RVC-Project / Retrieval-based-Voice-Conversion-WebUI

Easily train a good VC model with voice data <= 10 mins!
MIT License
24.18k stars 3.58k forks source link

Issue when training a model, please help me #1028

Closed coldasicee closed 6 months ago

coldasicee commented 1 year ago

https://i.imgur.com/FJ8VZ5h.png

is it stuck, broken? I only used a1111 stable diffusion before and I could track the progress there. When I opened my task manager the browser was using like 10-20% of the GPU, sometimes going to 0%

I have everything installed, I think: downloaded the release pack from this github got python installed cuda pip install torch torchvision torchaudio curl -sSL https://install.python-poetry.org | python3 -

well, it looks like everything should be good to go, please help haha. Also, all the paths are without space _ or -

Thaanks guys

I'm trying to learn because my sister in law's father have that disease that their body degrades and there is no stopping it. He already can't get out of bed, is being fed by tube and he lost the ability to talk. He is communicating using a notebook with Tobii and some custom programs they bought from a doctor, but they wanted to give him the chance to speak with his voice again, so my plan was to train a model with his voice and then somehow adapt it to TTS.

Hope you can help us

pbanuru commented 1 year ago

Can you send the output from the commandline? Preferably in text, rather than image form. It may provide more information than what is shown in just that window.

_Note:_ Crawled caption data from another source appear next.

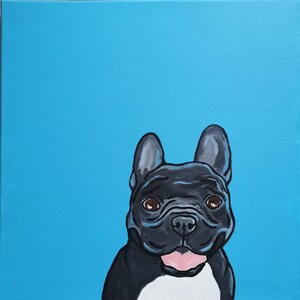 French bulldog. Blue frenchie.    Australian art.  Acrylic painting of dog.  Fun art. Colourful art. Dog art.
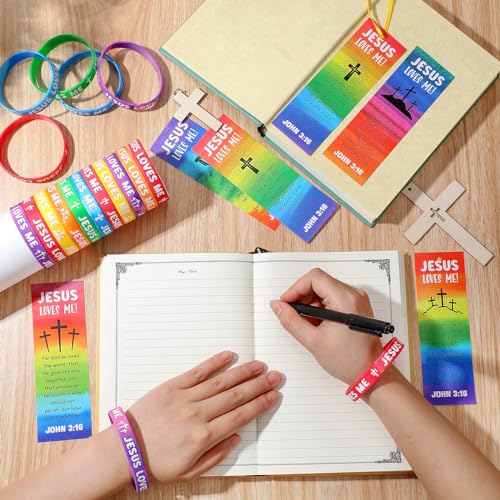 Dispowreath 60 Pcs Christian Gift Set: John 3:16 Wristbands and Bookmarks for Kids Sunday School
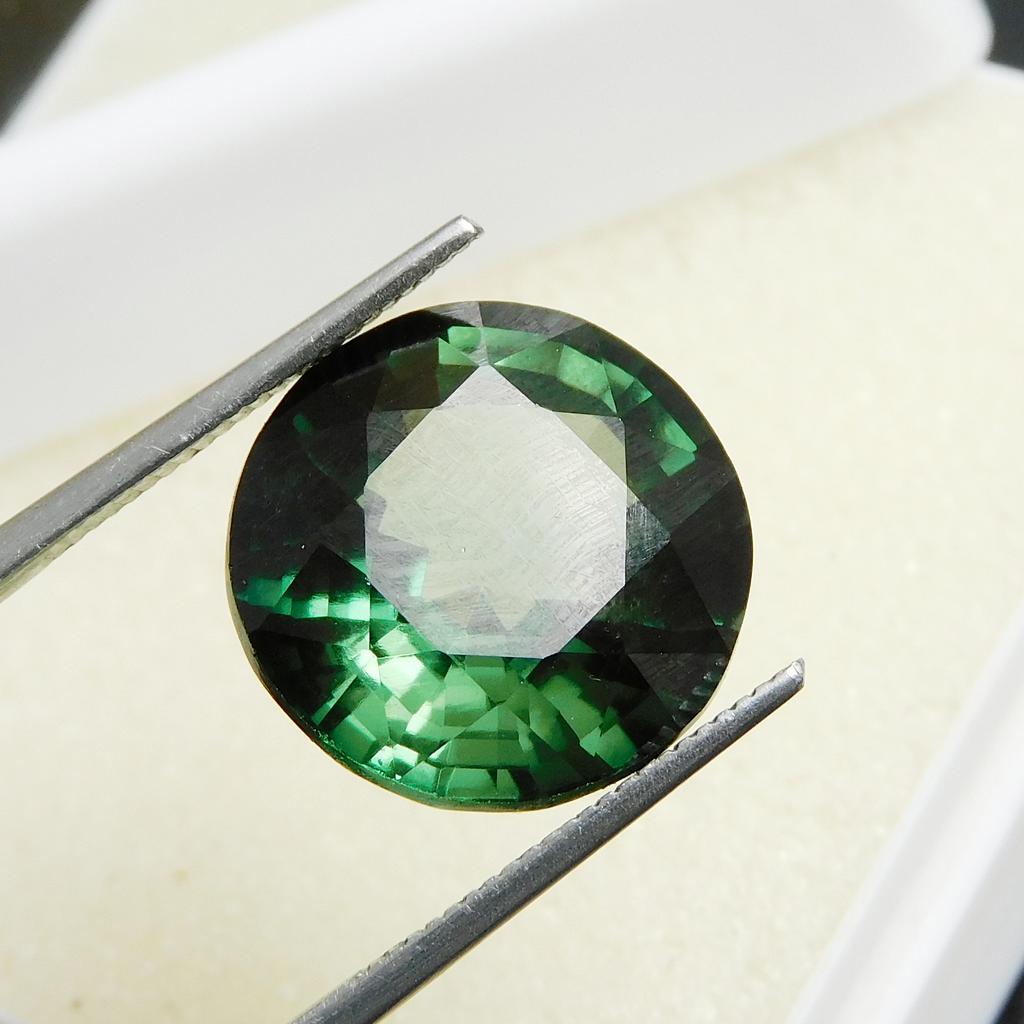 Beautiful 11.90 Ct Green Sapphire Round Cut Natural CERTIFIED Loose Gemstone
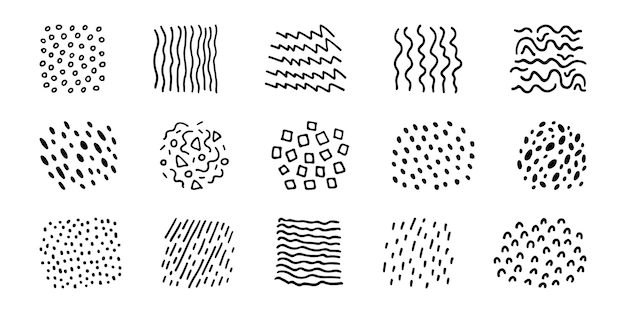 抽象的な手描きのテクスチャパターンデザインのベクトル要素のセット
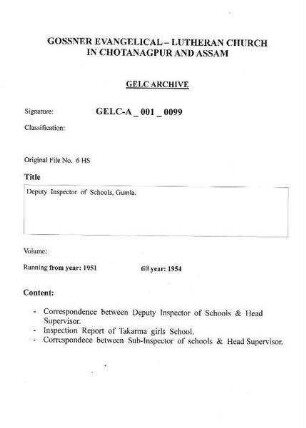 Deputy Inspector of Schools, Gumla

Rokkonrol commented 1 year ago

I wouldn't even bother with Poetry—I had numerous issues when I went that route. Just use the pip install -r requirements.txt command instead. Also, like pbanuru said, posting your logs and errors in text form would be beneficial for others to provide better help.

coldasicee commented 1 year ago

Can you send the output from the commandline? Preferably in text, rather than image form. It may provide more information than what is shown in just that window.

I wouldn't even bother with Poetry—I had numerous issues when I went that route. Just use the pip install -r requirements.txt command instead. Also, like pbanuru said, posting your logs and errors in text form would be beneficial for others to provide better help.

I am really sorry guys, I went to work on it again to grab the output but decided to also remove spaces from the audio files and it seems it worked

thank you very much for your time anyway!

btw, do you guys have other training options I could try? some good written tutorials or even youtube (if it explains it well and what each setting does, I don't like those "follow me" tutorials haha). Also options of programs or githubs so I can use the trained model with TTS

Rokkonrol commented 1 year ago

btw, do you guys have other training options I could try? some good written tutorials or even youtube (if it explains it well and what each setting does, I don't like those "follow me" tutorials haha). Also options of programs or githubs so I can use the trained model with TTS

As far as I know there is no way to directly use an RVC-trained voice model for text-to-speech. RVC is for voice-to-speech only.

There may be a way to convert the timbre/tone of a pretrained TTS voice model using an RVC model. For example, you could generate a sentence with a TTS model, then process that audio via a program similar to RVC into the voice you want. I haven't found a way to easily do this though since it would likely require some sort of Python script to send the TTS audio into RVC for conversion. Also, this wouldn't be a viable solution since it can't be done on a tablet and would have to be processed on a PC with a dedicated GPU.

I only recently began researching the topic of custom TTS models so my knowledge on exactly what's out there is fairly limited. There are a few options for local TTS inferencing. The most promising option I've found so far is Coqui, though I haven't tried it out yet so I can't comment on whether it's good or not. The problem though is that—like before—it would require a dedicated GPU to use.

If you're looking for an easy-to-use TTS platform for custom voices I recommend using a cloud-based solution like ElevenLabs. The downside is that it's a paid service, but it's great at what it does. ~2 hours of generated audio per month is $22USD/month and ~10 hours of generated audio per month is $100USD/month. It requires only one minute of audio to train a voice and the quality of the trained voice is quite good. This would be a great solution since it doesn't require the uploaded audio to include specific spoken sentences. Since your sister-in-law's father can no longer speak, you could use any past audio of his voice for training. Best of all, it can be used on a tablet (or any device with a web browser).

As far as I'm aware there is no free service similar to ElevenLabs, but if you do end up finding one then let me know. Best of luck! @coldasicee

github-actions[bot] commented 6 months ago

This issue was closed because it has been inactive for 15 days since being marked as stale.